Scikit-learn compatible wrapper of the Random Bits Forest program written by (Wang et al., 2016)

Overview

sklearn-compatible Random Bits Forest

Scikit-learn compatible wrapper of the Random Bits Forest program written by Wang et al., 2016, available as a binary on Sourceforge. All credits belong to the authors. This is just some quick and dirty wrapper and testing code.

The authors present "...a classification and regression algorithm called Random Bits Forest (RBF). RBF integrates neural network (for depth), boosting (for wideness) and random forest (for accuracy). It first generates and selects ~10,000 small three-layer threshold random neural networks as basis by gradient boosting scheme. These binary basis are then feed into a modified random forest algorithm to obtain predictions. In conclusion, RBF is a novel framework that performs strongly especially on data with large size."

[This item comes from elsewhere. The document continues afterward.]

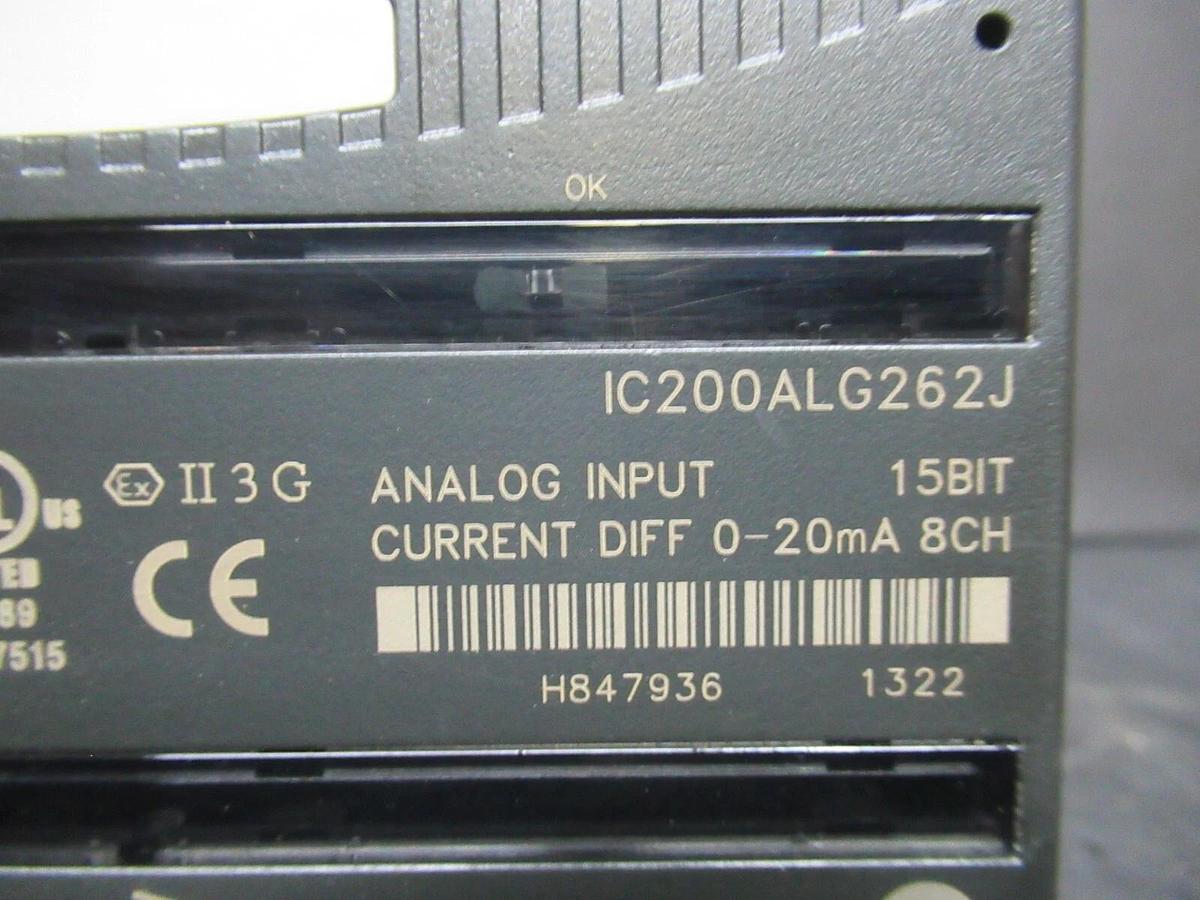 Used GE FANUC INPUT I/O AND ANALOG INPUT IC200CHS022L W/ IC200ALG262J **WARRANTY**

Note: the executable supplied by the authors has been compiled for Linux, and for CPUs supporting SSE instructions.

Fig1 from Wang et al., 2016

Usage

Usage example of the Random Bits Forest:

from uci_loader import *
from randombitsforest import RandomBitsForest
X, y = getdataset('diabetes')

from sklearn.ensemble.forest import RandomForestClassifier

classifier = RandomBitsForest()
classifier.fit(X[:len(y)/2], y[:len(y)/2])
p = classifier.predict(X[len(y)/2:])
print "Random Bits Forest Accuracy:", np.mean(p == y[len(y)/2:])

classifier = RandomForestClassifier(n_estimators=20)
classifier.fit(X[:len(y)/2], y[:len(y)/2])
print "Random Forest Accuracy:", np.mean(classifier.predict(X[len(y)/2:]) == y[len(y)/2:])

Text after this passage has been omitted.